Labor Force and Employment Outlook
Among Ohio's 10 largest cities, Columbus is the only one whose population increased in the 1990s, and this trend continues in the 2000s. Eighty-three percent of the population over age 25 are high school graduates and 29 percent have college degrees; 71 percent of the population over the age of 16 is in the labor force. While the region has a more desirable workforce than most of the nation, the increase in average age is causing some concern. The Chamber of Commerce has launched several projects to give businesses the tools to compete in such a market.

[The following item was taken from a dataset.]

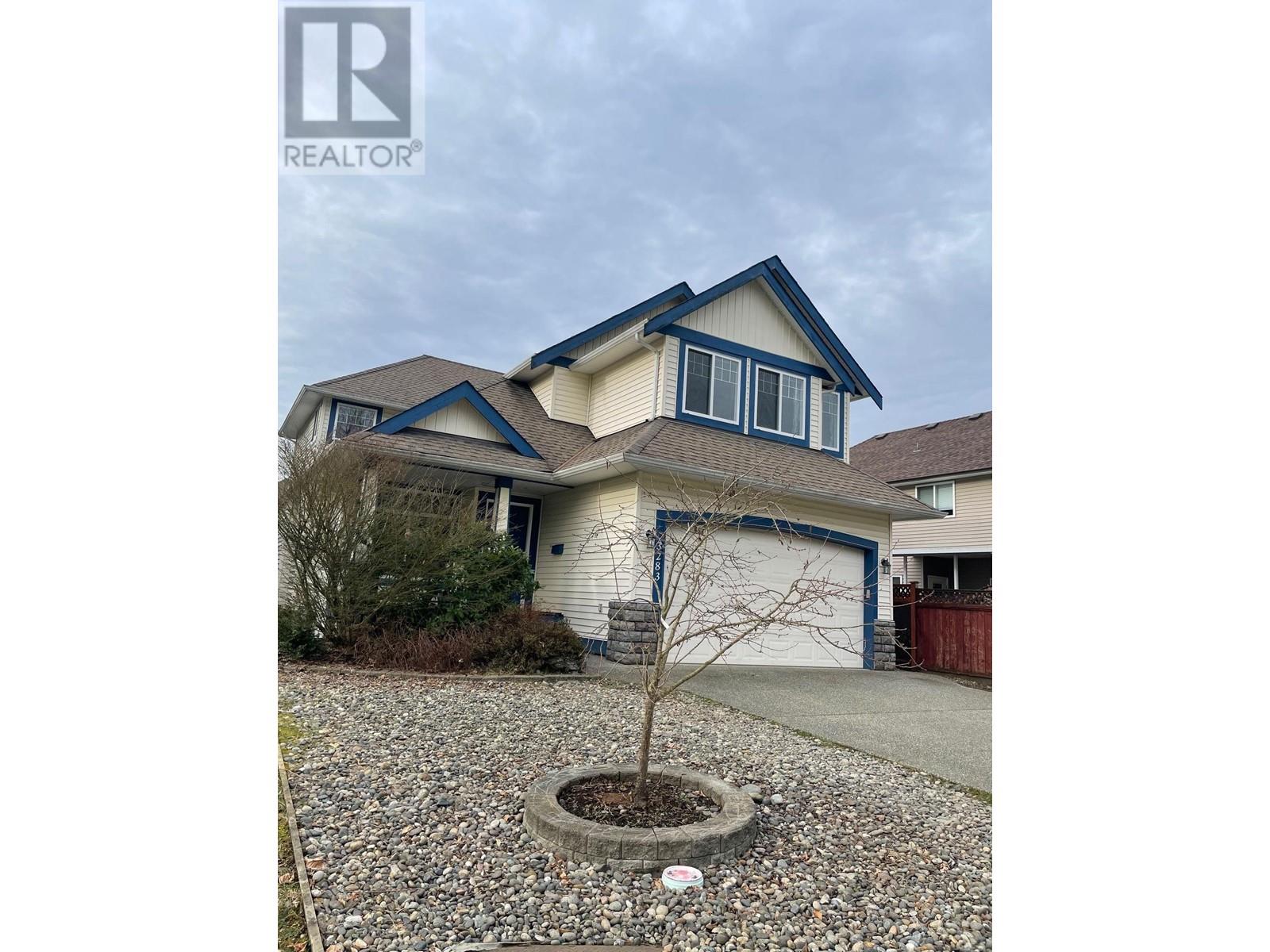 3283 Osborne Street, Port Coquitlam, British Columbia  V3B 8C4 - Photo 2 - R2951121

Traditional economic mainstays such as government, the Ohio State University, corporate headquarters, and large financial institutions continue to lend stability to the local economy. The Columbus area has lost manufacturing jobs in the last decade but has added positions in services to create a net gain in jobs overall.
The following is a summary of data regarding the Columbus metropolitan area labor force, 2004 annual averages.
Size of non-agricultural labor force: 922,616
Number of workers employed in . . .
construction and mining: 40,900
trade, transportation, and utilities: 183,900
financial activities: 74,500
professional and business services: 132,800
educational and health services: 100,700
leisure, hospitality, and other services: 125,400
Average hourly earnings of production workers employed in manufacturing: $18.80
Unemployment rate: 6.3% (February 2005)
Cost of Living
The following is a summary of data regarding several key cost of living factors in the Columbus area.
2004 (3rd Quarter) ACCRA Average House Price: $257,430
2004 (3rd Quarter) ACCRA Cost of Living Index: 101.7 (U.S. average = 100.0)
State income tax rate: Ranges from 0.743% to 7.5%
State sales tax rate: 5.0% (food and prescription drugs are exempt)
Local income tax rate: 2%
Local sales tax rate: 6.75% (total)
Property tax rate: Taxes on real property are assessed on 35 percent of the property's total market value. Businesses with personal property valued at $10,001 or more must also pay personal property tax in the state of Ohio.